##### DATA PROVIDED

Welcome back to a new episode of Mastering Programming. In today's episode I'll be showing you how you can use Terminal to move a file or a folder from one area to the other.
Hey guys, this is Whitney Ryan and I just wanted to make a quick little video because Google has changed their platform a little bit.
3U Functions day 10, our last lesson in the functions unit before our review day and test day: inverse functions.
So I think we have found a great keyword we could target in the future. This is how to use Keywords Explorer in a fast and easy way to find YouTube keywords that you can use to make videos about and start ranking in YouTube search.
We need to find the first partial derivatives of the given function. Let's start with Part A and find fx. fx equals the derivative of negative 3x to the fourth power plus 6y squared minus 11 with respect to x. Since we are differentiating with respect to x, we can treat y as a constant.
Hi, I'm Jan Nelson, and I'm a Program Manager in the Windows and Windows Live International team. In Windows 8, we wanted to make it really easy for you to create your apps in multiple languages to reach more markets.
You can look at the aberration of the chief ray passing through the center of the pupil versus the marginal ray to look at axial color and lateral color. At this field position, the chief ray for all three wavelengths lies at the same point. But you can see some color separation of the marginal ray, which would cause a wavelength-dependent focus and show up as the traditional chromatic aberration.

##########
##### DATA PROVIDED

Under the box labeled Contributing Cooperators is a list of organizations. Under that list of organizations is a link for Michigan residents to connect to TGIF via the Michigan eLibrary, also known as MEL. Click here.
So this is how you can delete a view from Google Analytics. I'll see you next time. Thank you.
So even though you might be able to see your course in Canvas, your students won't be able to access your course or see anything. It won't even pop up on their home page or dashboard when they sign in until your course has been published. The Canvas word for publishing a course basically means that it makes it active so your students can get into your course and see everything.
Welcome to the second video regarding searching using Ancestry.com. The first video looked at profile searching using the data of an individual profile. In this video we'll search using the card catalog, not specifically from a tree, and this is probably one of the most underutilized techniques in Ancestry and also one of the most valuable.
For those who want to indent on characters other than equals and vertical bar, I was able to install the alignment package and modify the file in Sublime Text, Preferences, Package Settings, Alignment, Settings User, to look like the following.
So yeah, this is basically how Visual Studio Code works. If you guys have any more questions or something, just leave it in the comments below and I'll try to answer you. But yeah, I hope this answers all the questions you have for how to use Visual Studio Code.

##########
##### DATA PROVIDED

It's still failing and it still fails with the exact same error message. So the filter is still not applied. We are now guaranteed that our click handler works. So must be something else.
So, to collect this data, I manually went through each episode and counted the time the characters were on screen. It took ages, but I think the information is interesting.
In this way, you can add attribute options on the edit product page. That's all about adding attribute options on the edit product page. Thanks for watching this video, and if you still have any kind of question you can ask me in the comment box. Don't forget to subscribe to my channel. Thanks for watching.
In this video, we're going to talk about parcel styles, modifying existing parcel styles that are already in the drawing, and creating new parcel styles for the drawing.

##########

→ GOAL OF THE EXERCISE
Determine how many lines in the entries hold the string "guys". Write only the number.

→ SOLUTION FOR THIS EXERCISE
2